Lots and lots of stories about straw pulp last week...

>In 1963 CCA corrugated (board) mill (Circleville, OH) was using straw for making pulp. A year or two later, they converted to making pulp from local hardwoods. Today the mill is shut down. Straw had its problems, like some batches came in with excess water, so you wouldn't get your money's worth. Chuck Green

>The Chillicothe mill pulped straw with the soda process until WWII. It made a fine pulp with low chlorine demand in the bleach plant. However, the straw was harvested once per year and required under-roof storage. It was "on the books" when delivered to the mill vs trees that were not taxed as inventory until harvested 2 weeks before pulping. Straw contains silica and the industry developed and later forgot desilicating technology. If the farmer could store the straw year round it would significantly improve the straw pulp business model.
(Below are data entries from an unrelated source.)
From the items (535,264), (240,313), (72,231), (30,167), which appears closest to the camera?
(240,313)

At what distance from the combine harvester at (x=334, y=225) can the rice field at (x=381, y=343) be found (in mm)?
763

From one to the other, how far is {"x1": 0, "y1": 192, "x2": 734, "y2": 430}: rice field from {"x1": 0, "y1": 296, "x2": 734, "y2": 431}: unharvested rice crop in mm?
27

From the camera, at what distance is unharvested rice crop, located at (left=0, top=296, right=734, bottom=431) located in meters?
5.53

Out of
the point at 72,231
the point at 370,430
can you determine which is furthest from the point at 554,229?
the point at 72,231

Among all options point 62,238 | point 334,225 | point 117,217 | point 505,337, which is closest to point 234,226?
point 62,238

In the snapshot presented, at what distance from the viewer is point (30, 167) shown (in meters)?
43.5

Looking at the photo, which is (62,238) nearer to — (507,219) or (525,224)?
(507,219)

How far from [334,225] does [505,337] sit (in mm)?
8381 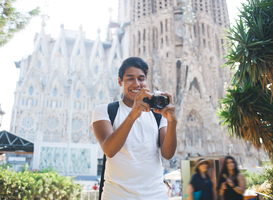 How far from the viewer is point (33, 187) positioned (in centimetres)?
615

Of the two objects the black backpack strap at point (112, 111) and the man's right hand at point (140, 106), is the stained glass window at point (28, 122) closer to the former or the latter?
the black backpack strap at point (112, 111)

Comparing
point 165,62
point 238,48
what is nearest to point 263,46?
point 238,48

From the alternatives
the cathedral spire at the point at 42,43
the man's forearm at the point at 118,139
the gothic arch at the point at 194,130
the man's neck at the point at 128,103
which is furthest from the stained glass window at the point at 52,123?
the man's forearm at the point at 118,139

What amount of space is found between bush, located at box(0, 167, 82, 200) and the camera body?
5.25 m

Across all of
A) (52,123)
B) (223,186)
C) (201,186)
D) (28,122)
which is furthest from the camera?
(52,123)

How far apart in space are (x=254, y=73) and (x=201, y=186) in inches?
173

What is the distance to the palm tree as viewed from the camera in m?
5.94

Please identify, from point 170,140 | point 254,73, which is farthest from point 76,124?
point 170,140

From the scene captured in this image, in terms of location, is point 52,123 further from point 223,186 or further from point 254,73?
point 223,186

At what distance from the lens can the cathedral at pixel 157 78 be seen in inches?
1051

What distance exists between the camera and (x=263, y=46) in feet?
19.6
>I know so much about straw pulp that I do not know where to start. It can be and is used around the world for a wide range of pulp and paper products as well as molded products. The reason why the straw pulp mills in the US went out of business years ago was primarily related to the bale size - 80 lbs - so that they could be moved manually. Cost of labor made the cost of straw too high. This is not a problem any more with the 1500 - 2000 lb bales that can be moved mechanically and that can provide a full 44000 lb load weight on a truck. The main problem will be silica content of 3 - 8% which causes problems in the recovery island. But careful design can offset most of the problems. Also, new recovery technologies such as Siloxy and Electrosep would solve the silica issue. Is it going to be easy to do a large straw pulp mill? The answer is no, but then it's not easy to do a woodpulp mill these days.

>Close: I (Consolidated) was solicited many years ago to help finance a corn stover mill in Iowa. Didn't do it and it never got off the ground. George Mead

>Earlier this year, Kimberley Clark announced that they were researching bamboo and wheat straw as alternatives to wood for their pulp requirements. Maybe KC knows something you don't. Also, I believe that there are one or two recycled board mills in the Northwest that may be using high yield semichemical wheat straw as part of their furnish. Mark Lewis at the University of Washington was working with them. Bob Hurter

>Up into the 1950s, corrugating medium was made from straw pulp at a number of mills across the Midwest from Ohio to Kansas and including Michigan. Most of them subsequently converted to NSSC (Carthage, IN, Circleville, OH, etc.) and subsequently to waste paper before shutting down. Most of those mills had cylinder machines. One of the big problems was getting in a storing a year's worth of raw material in a few months. Queen City Paper Mills, Tipp City, OH bit the dust because their straw pile burned. I have had more recent experience with straw pulp - working on the 1993 start up of a machine in Xin-Yi, Jaingsu, China making sheet fed offset paper from a furnish that included 60% wheat straw pulp. I have also consulted over the past few years at mills in India than make paper from straw pulp along with other agro-fiber pulps. I found it interesting that this issue of Nip Impressions is published on the same day as the Kimberly-Clark news release saying that they are partnering in a venture to make tissue from bamboo to reduce use of trees from the forest.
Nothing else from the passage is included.